:: About this exercise ::
Output exactly, and only, the lines below from the one with "File:Bowel lymphoma complicated" down to the one with "Contemporary Strategies in". Include both end lines and no pictures.

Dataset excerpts
-- Opening Marker --

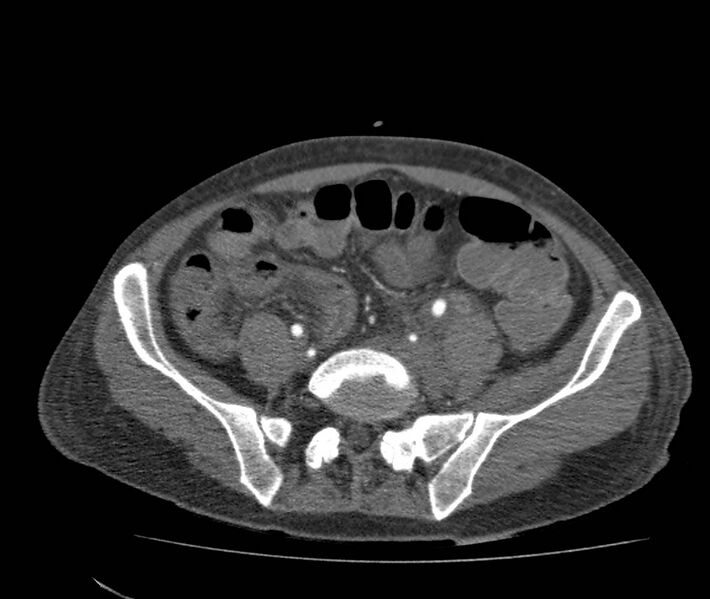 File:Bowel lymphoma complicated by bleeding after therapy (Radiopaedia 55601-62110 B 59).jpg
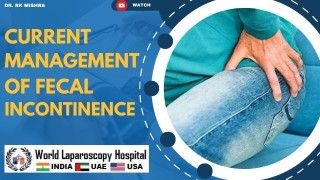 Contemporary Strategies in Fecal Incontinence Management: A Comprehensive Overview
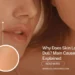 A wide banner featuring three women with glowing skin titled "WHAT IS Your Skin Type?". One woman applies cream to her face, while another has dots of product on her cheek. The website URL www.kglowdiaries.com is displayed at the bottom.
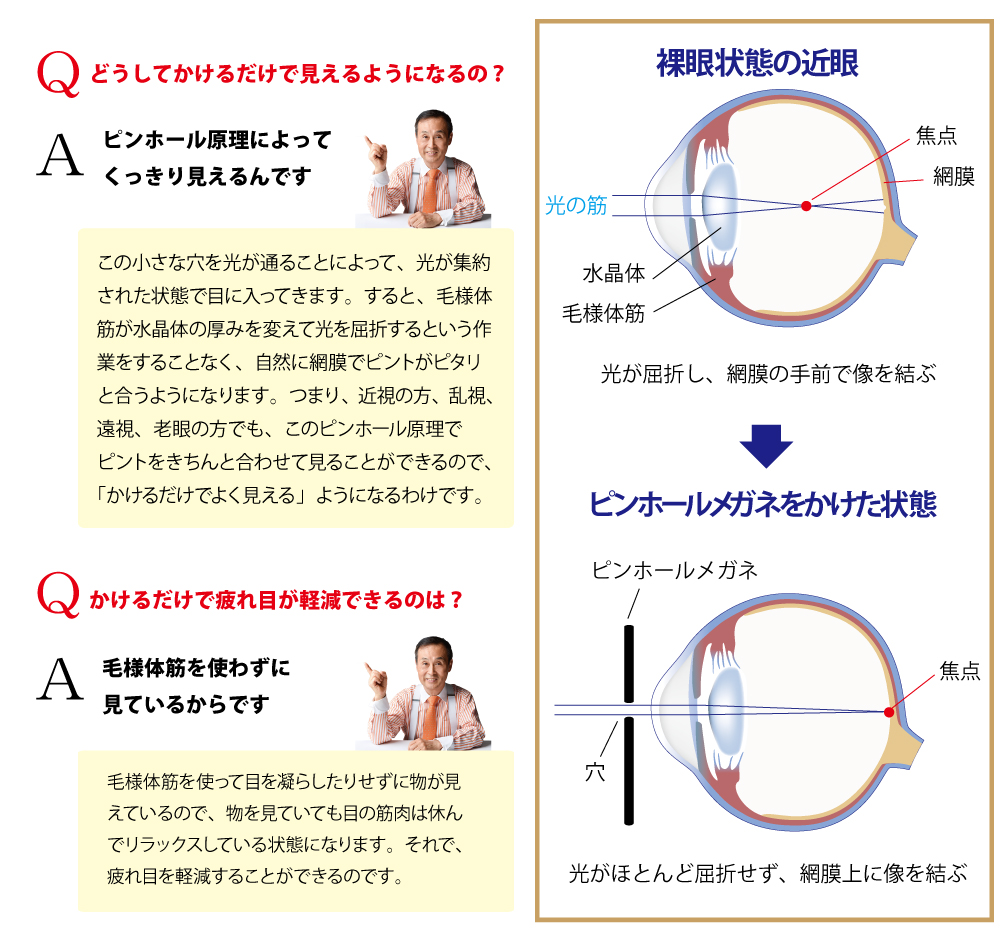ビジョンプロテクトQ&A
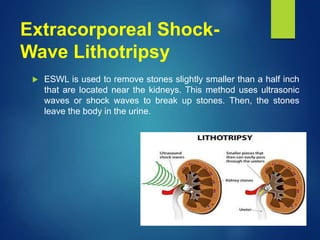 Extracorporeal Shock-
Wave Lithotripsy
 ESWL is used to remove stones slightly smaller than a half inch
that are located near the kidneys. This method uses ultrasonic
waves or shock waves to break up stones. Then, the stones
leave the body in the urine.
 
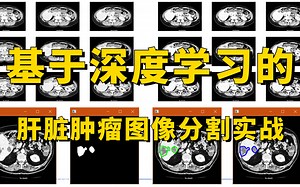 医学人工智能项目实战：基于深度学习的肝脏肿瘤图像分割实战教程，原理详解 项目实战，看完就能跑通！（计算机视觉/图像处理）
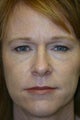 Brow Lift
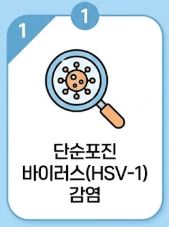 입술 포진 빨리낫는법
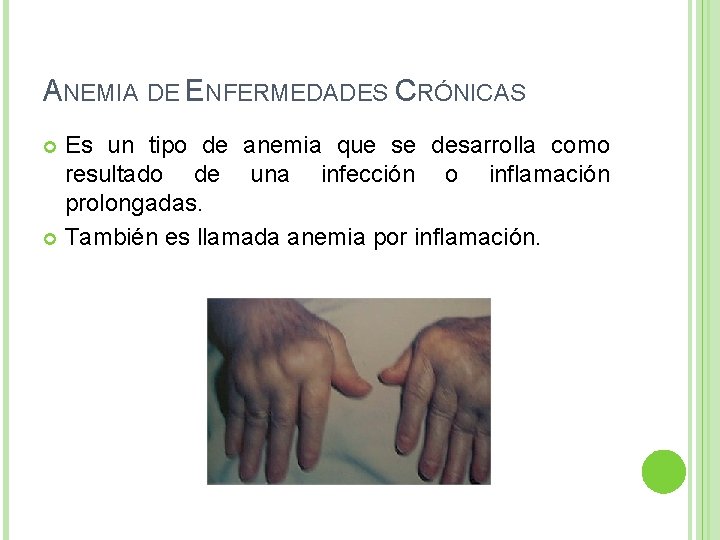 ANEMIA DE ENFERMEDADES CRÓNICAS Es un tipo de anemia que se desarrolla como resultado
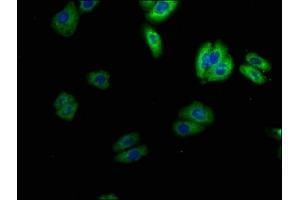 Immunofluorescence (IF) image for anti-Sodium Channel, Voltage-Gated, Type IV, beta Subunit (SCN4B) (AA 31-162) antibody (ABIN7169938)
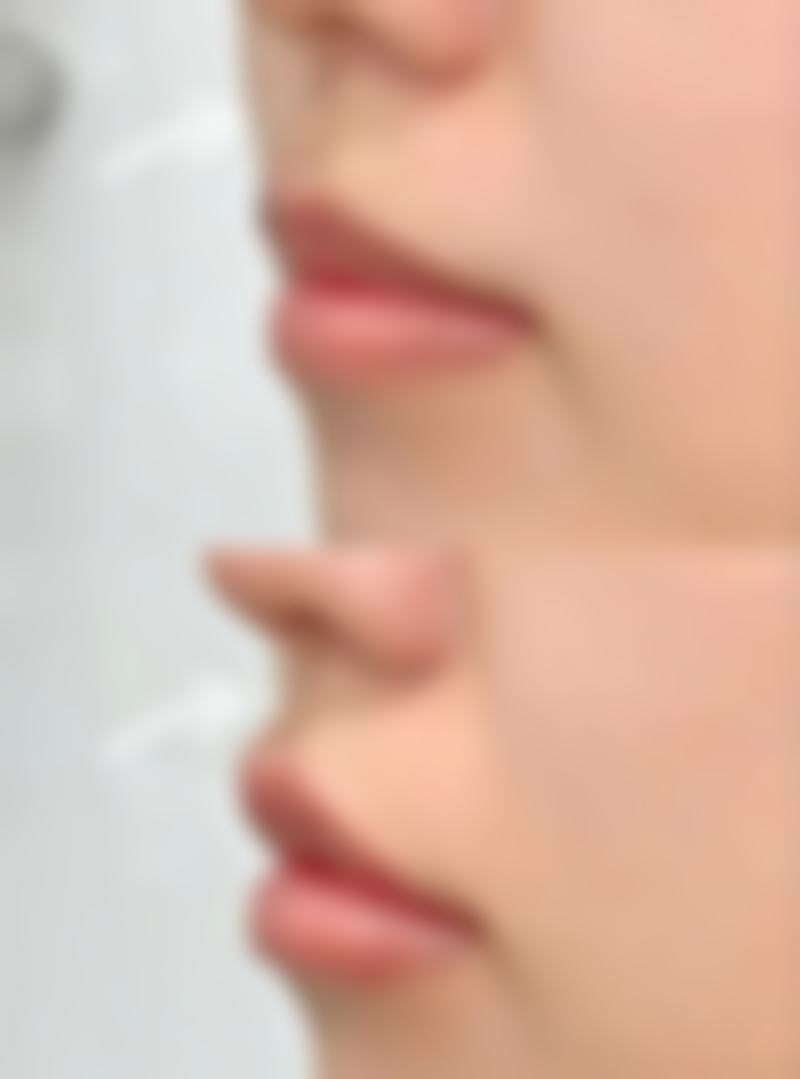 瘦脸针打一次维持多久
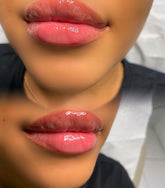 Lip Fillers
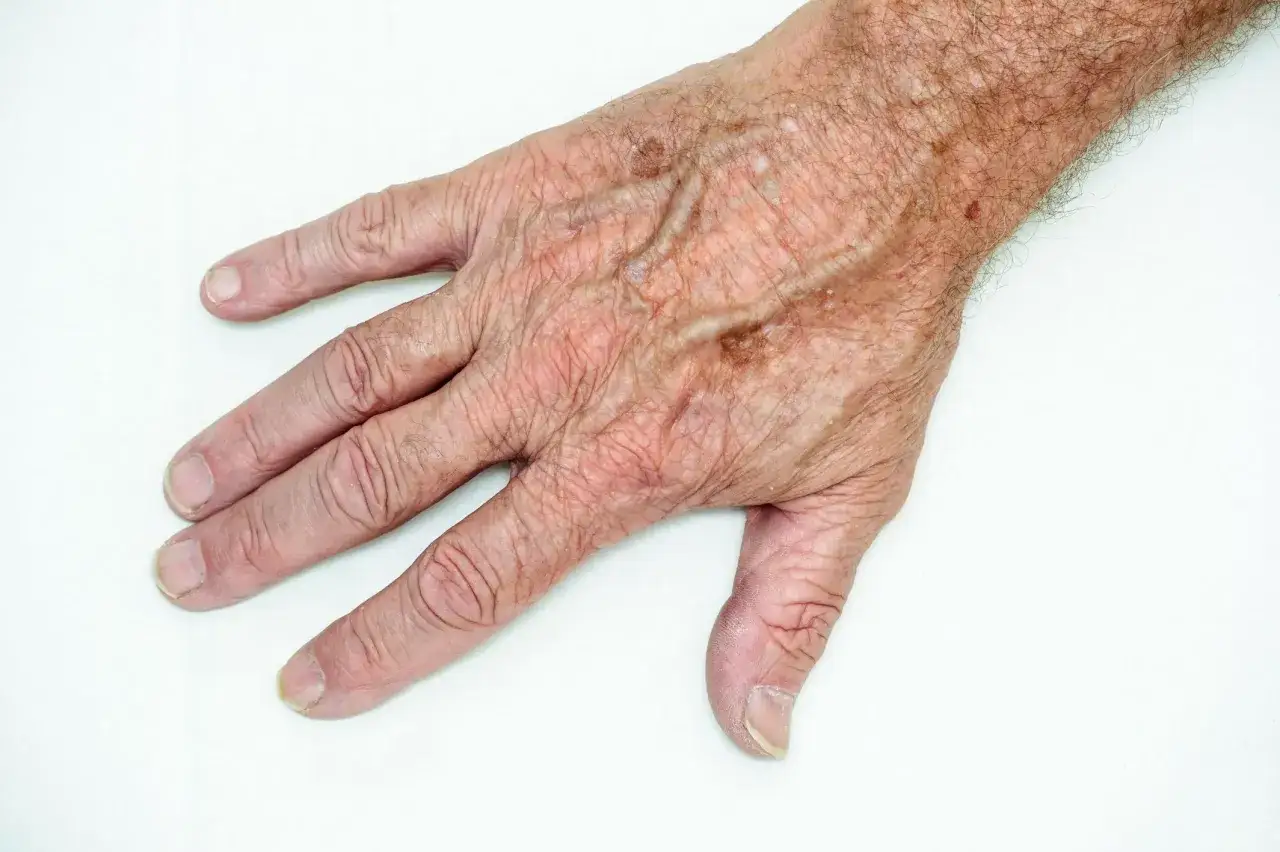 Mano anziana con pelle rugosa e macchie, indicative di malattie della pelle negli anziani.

-- Closing Marker --
-- Opening Marker --

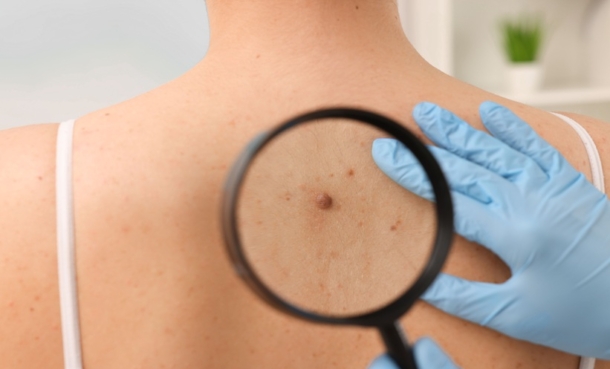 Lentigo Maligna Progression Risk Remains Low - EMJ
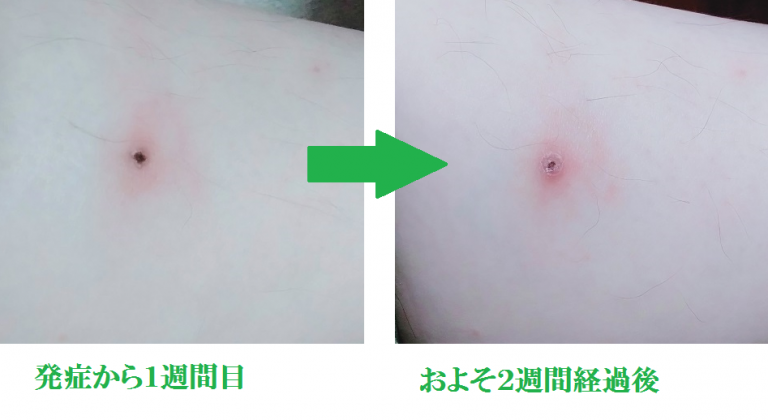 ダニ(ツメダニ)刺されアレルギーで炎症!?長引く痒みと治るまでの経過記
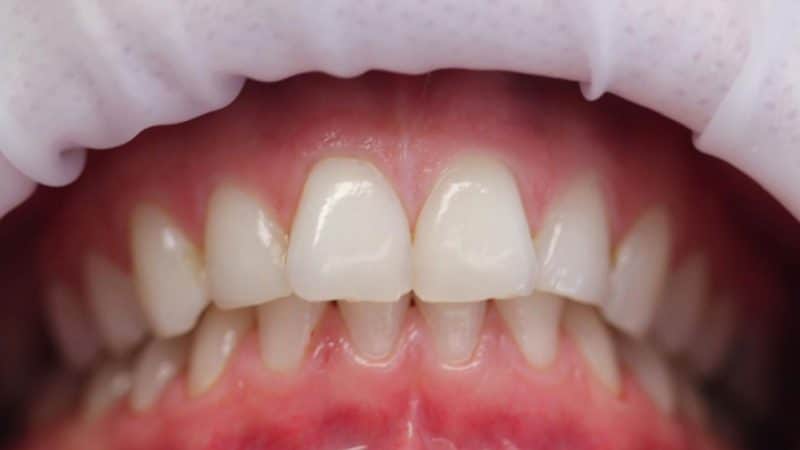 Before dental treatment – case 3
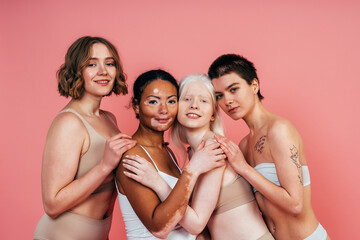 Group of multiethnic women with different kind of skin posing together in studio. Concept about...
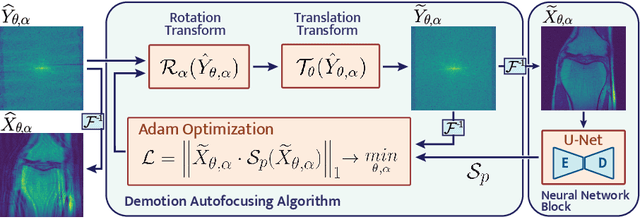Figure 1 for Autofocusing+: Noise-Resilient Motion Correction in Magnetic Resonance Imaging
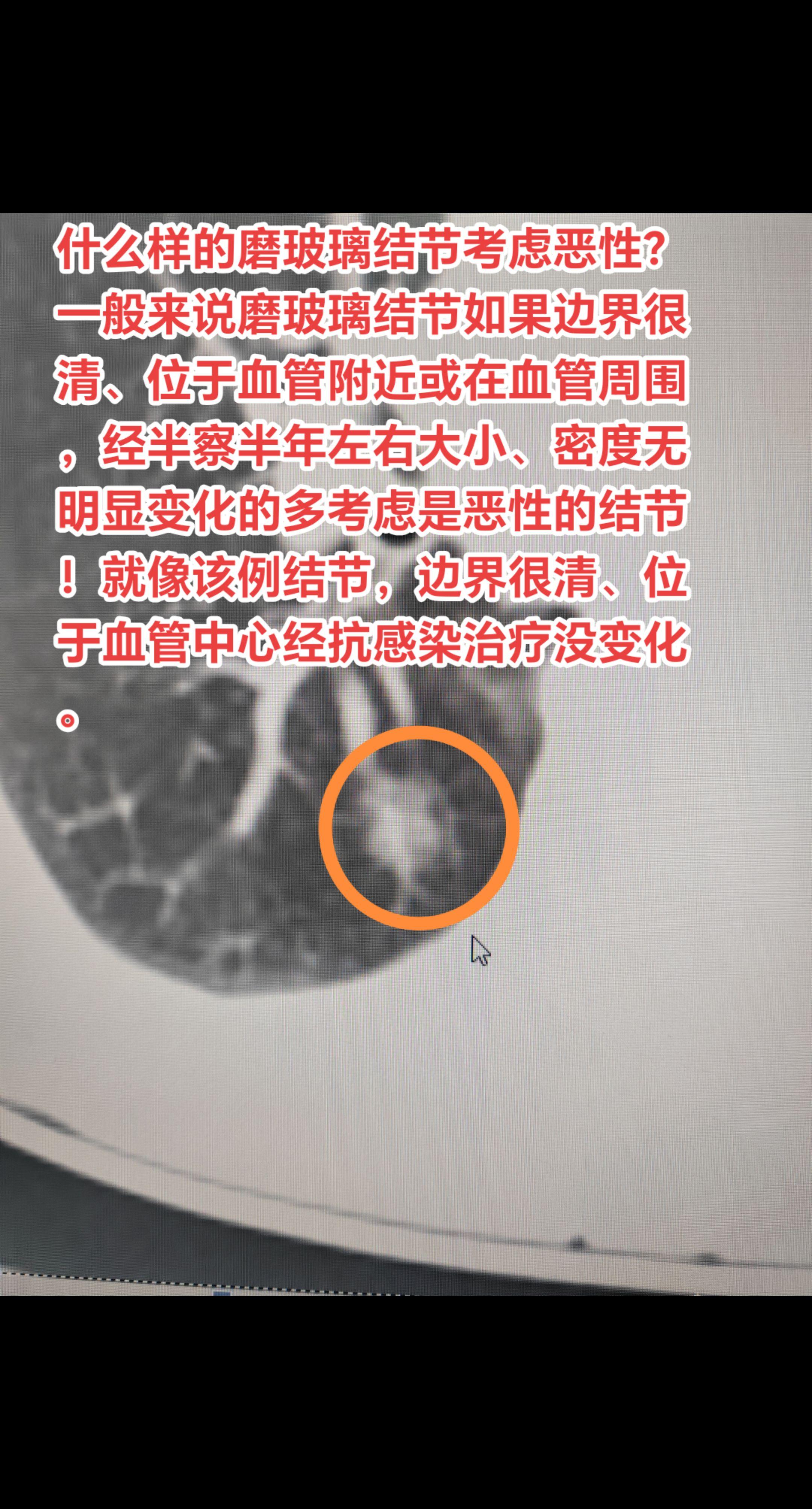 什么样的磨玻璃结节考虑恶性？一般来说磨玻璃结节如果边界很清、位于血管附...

-- Closing Marker --

:: Problem solution ::
 File:Bowel lymphoma complicated by bleeding after therapy (Radiopaedia 55601-62110 B 59).jpg
 Contemporary Strategies in Fecal Incontinence Management: A Comprehensive Overview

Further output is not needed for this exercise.